Stored data ▸
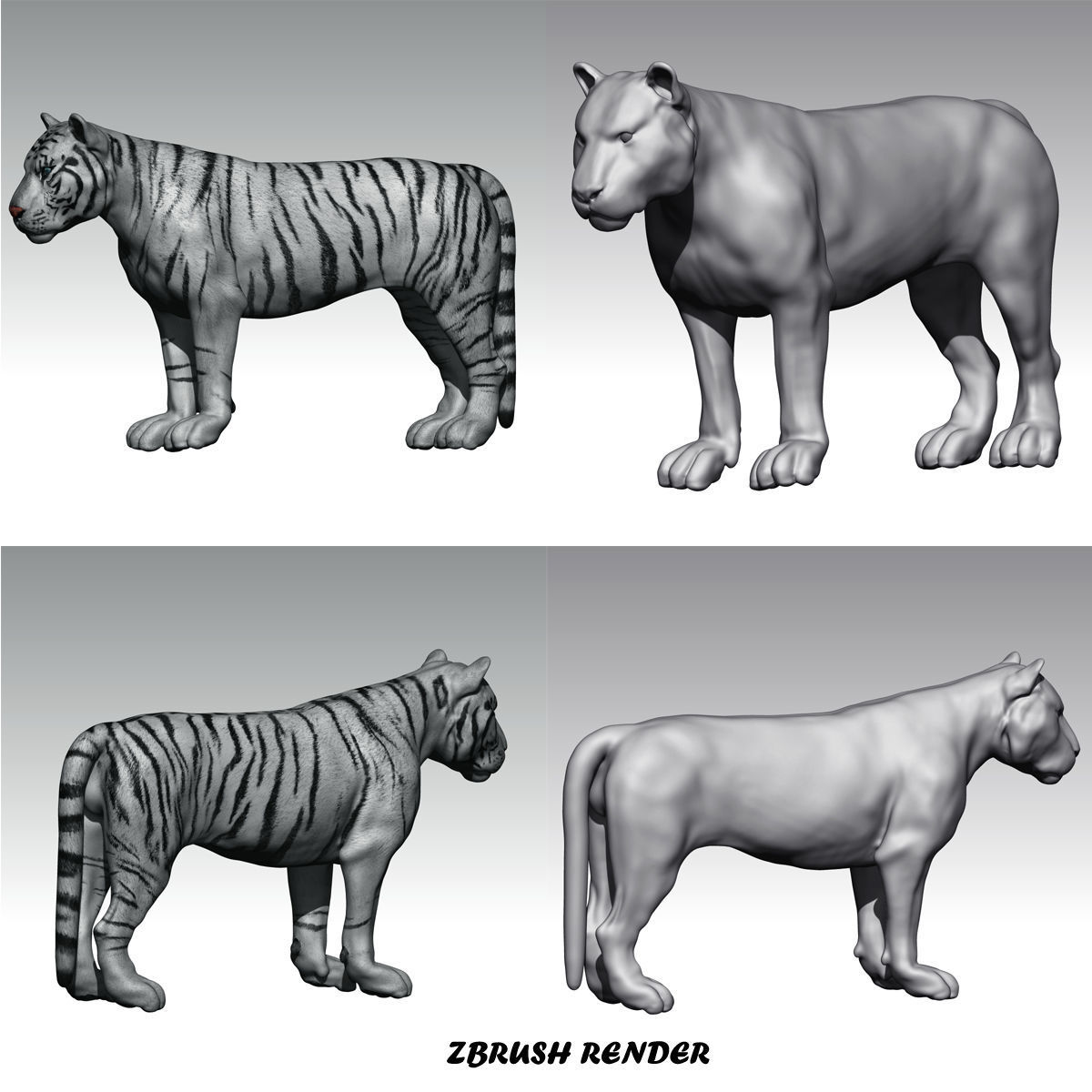 Siberian White Tiger v1 Low-poly 3D model_6
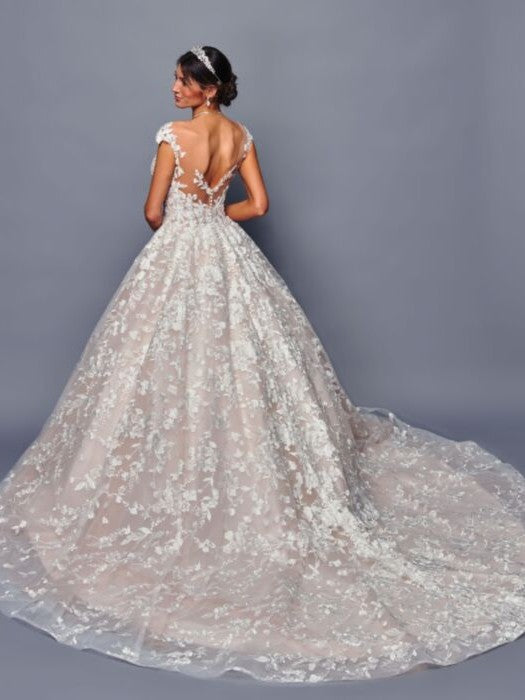 Stunning Illusion Boat Neckline A-Line Nude Silhouette Wedding Dress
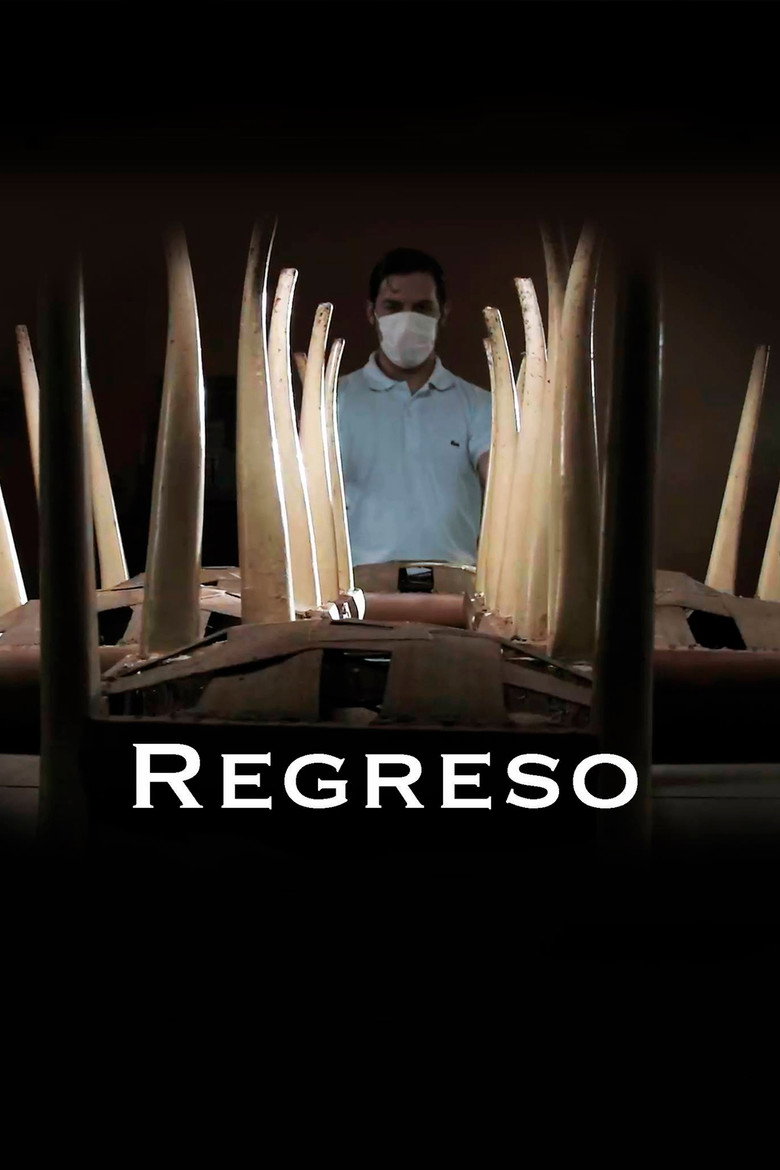 Imatge de Regreso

Description of the task ▸
The reply should contain all of the data above, word for word, with no pictures.

Solution to the exercise ▸
 Siberian White Tiger v1 Low-poly 3D model_6
 Stunning Illusion Boat Neckline A-Line Nude Silhouette Wedding Dress
 Imatge de Regreso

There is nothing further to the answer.